Where will the end of the spring line up with the ruler marks?

[chazgurl4life]

A spring with k = 55 N/m hangs vertically next to a ruler. The end of the spring is next to the 15 cm mark on the ruler. If a 1.9 kg mass is now attached to the end of the spring, where will the end of the spring line up with the ruler marks?

For this porblem i used the following :

W= delta Ke + delta PR
-Force of friction= 0+ ( Pe1-Pe0) + 1/2 kx^2
-Ukmgx= MG ( Y1-Y0) + 1/2 KX^2
SO WHEN I SUBSITUTE :

-Uk(1.9 KG)(9.8M/S^2)=(1.9)(9.8) +.5(55 N/M)x^2

But now i have two variables instead of one.

now when using this equation to solve I am become confused because there isn't a coefficient given. I just wanted to know if i could use any other equations

 

[cepheid]

W= delta Ke + delta PR
-Force of friction

Well, this equation doesn't make a lot of sense.

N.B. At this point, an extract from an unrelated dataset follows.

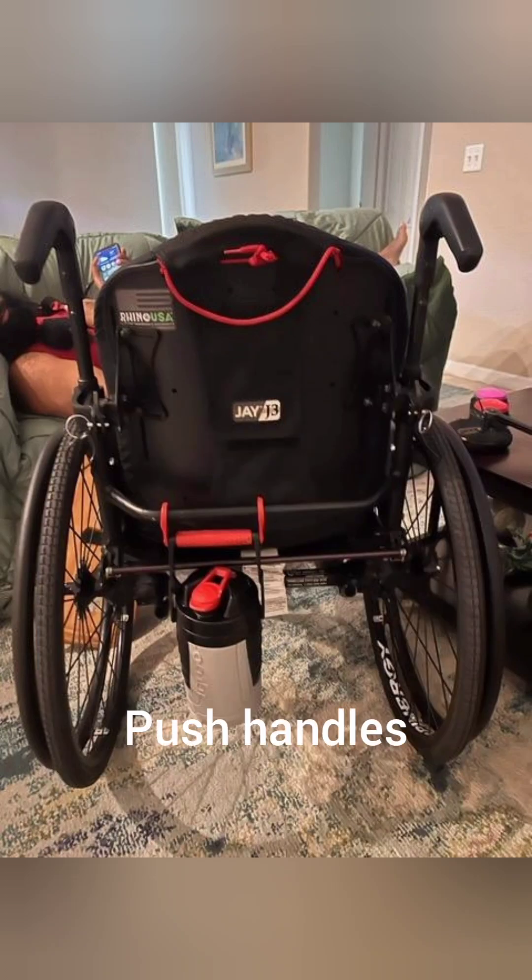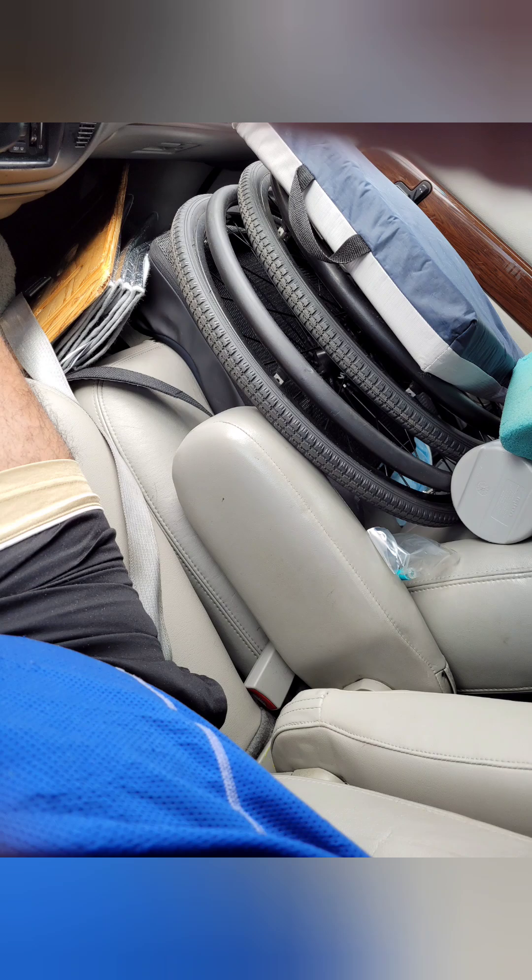I don't like how the push bars stick up like that. I'd like to get them bent inward so that when my arms come back when I'm pushing or exercising, my elbow doesn't contact that. I would take them off, but sometimes it's nice to have them there in case I need to push. Here's a little bonus — I used to take my chair apart and throw it in the back seat, but that's kind of tough on the shoulder. Since then I met another wheelie brother and saw how he does it and throws it in the passenger seat. Now my frame sits in the passenger seat and the wheels and cushion get thrown in the back.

If W is the work done, and delta Ke is the change in kinetic energy, than these two are equal, by the work energy theorem. What is delta PR?

Why have you included friction? What is there in this system that you think would cause a significant amount of friction?

I think that energy analysis may not be the best way to go. There is probably another method of solving the problem. Hint: what condition must be satisfied for the mass to stop moving?

 

[chazgurl4life]

im sorry delta Pr= Delta Pe ...just a typo

my professor suggested we use the above equation to solve the problem

for the mass to stop moving: shouldn't the force of the string stop from the mass moving vertically along the ruler.

 

[topsquark]

im sorry delta Pr= Delta Pe ...just a typo

my professor suggested we use the above equation to solve the problem

for the mass to stop moving: shouldn't the force of the string stop from the mass moving vertically along the ruler.

I'm confused about two things. First, where the heck did the friction come from? If the mass is falling on the end of the spring, it isn't rubbing up against anything to create friction. Second, what precisely are you solving for when you say "where will the end of the spring line up with the ruler marks?" I would normally say we are looking for where the mass ends up when it's stationary, but the equation you are using seems to imply you are letting the mass drop and are looking for the lowest point in the oscillation.

Last thing:

-Force of friction= 0+ ( Pe1-Pe0) + 1/2 kx^2

You seem to be equating a force with an energy. Careful!

-Dan

 

[plusaf]

A spring with k = 55 N/m hangs vertically next to a ruler. The end of the spring is next to the 15 cm mark on the ruler. If a 1.9 kg mass is now attached to the end of the spring, where will the end of the spring line up with the ruler marks?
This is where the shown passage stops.